Subsequently, we determined the expression patterns of the inflammatory cytokines IL6 and TNFα to investigate a possible inflammatory reaction to surgical stress. Cytokine expression showed a trend for increased expression at early time-points to end with a significant decrease at 48 h after surgery. In particular, a significant impact was observed on IL6 levels by time-point (p < 0.0001). Levels showed shifting directions during time (with respect to T0 baseline, −68% decrease at T1, p = 0.031; recovery at T2: +18%, p = n.s.; trend for decrease at T3, −52% p = 0.08; significant decrease at T4, −86% p < 0.0001; Figure 3A). A partially similar trend was observed for TNFα, which was modified by time-point (p = 0.0019), but cytokine levels compared with T0 baseline were significantly reduced only at T4 (−82%, p = 0.0007; Figure 3B). For further details see also Supplementary Figures S3A,B in Supplementary material).

FIGURE 3.

FIGURE 3

Cytokine mRNA expression in patients at different time-points. Plot of the least square predicted means with 95% confidence intervals. The predicted least square means were calculated using a 1-way repeated measures mixed model. (A): IL6; (B): TNFα. Ordinate axis is displayed on the Log10 scale. *p < 0.05; ***p < 0.001; ****p < 0.0001; §0.05 < p< 0.1 in planned comparisons with T0 levels. n = 11 patients repeatedly assessed at 5 time-points.

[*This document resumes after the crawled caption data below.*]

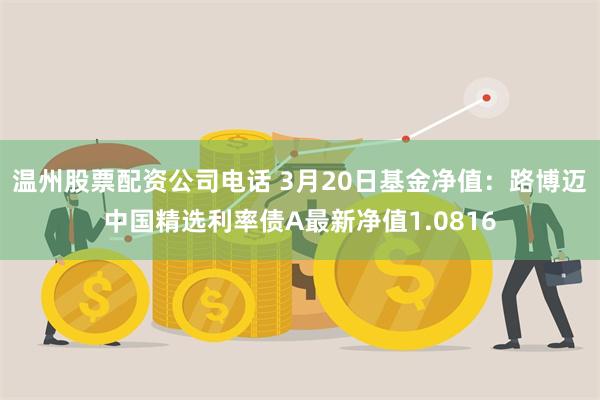 温州股票配资公司电话 3月20日基金净值：路博迈中国精选利率债A最新净值1.0816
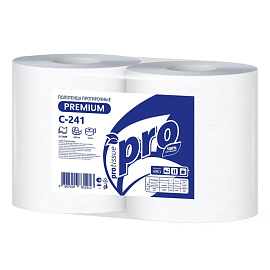 Протирочная бумага Protissue С241 белая (2 рулона по 350 метров)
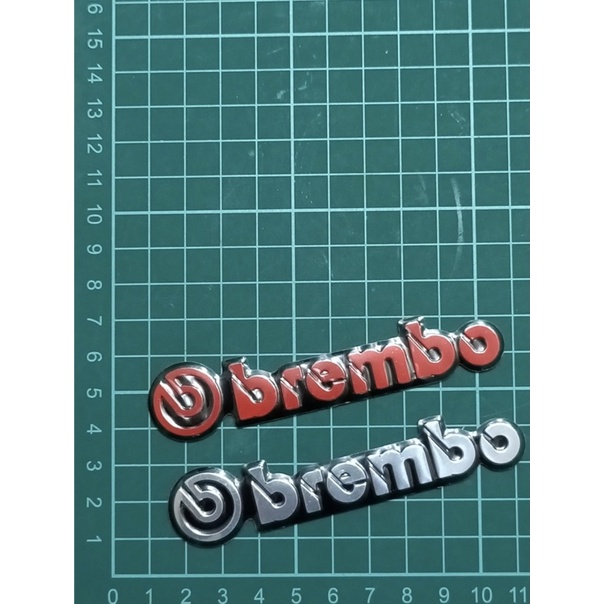 鋁合金brembo 貼紙（紅黑）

Correlations Between Changes in Global DNA Methylation and Changes in Gene Expression

We then investigated whether correlations existed between changes in methylation percentage and changes in the expression of DNMTs and cytokines. The aim of this analysis was to examine whether the parallel reduction of percentage methylation and DNMT levels observed from T0 to T2, followed by recovery from T2 to T4 correlated with each other. We also meant to explore if cytokine alterations displayed correlations with each other and with global methylation levels. To reach this objective, we calculated the difference of methylation levels and of DNMT or cytokine expression between T2 and T0 and between T4 and T2 and performed a correlation analysis between these variables. We discovered that changes in global methylation percentages were significantly correlated with expression variations of all DNMT isoforms (Table 3). Moreover, significant positive correlations were detected between variations of DNMT isoform expression, which were particularly strong between DNMT3a and DNMT3b (Table 3). We also discovered that cytokine changes showed highly significant correlations with each other (Table 3). In addition, IL6 changes showed a significant negative correlation with global methylation levels (Table 3). The identification of several significant correlations between DNMT isoforms and between DNMTs and cytokines, support the notion of a common regulatory mechanism on their coordinated expression.

TABLE 3.

Correlation analysis between DNA methylation and DNMT and cytokine expression. Significant p values are displayed in bold. 0.05 < p< 0.1 values are displayed in italics.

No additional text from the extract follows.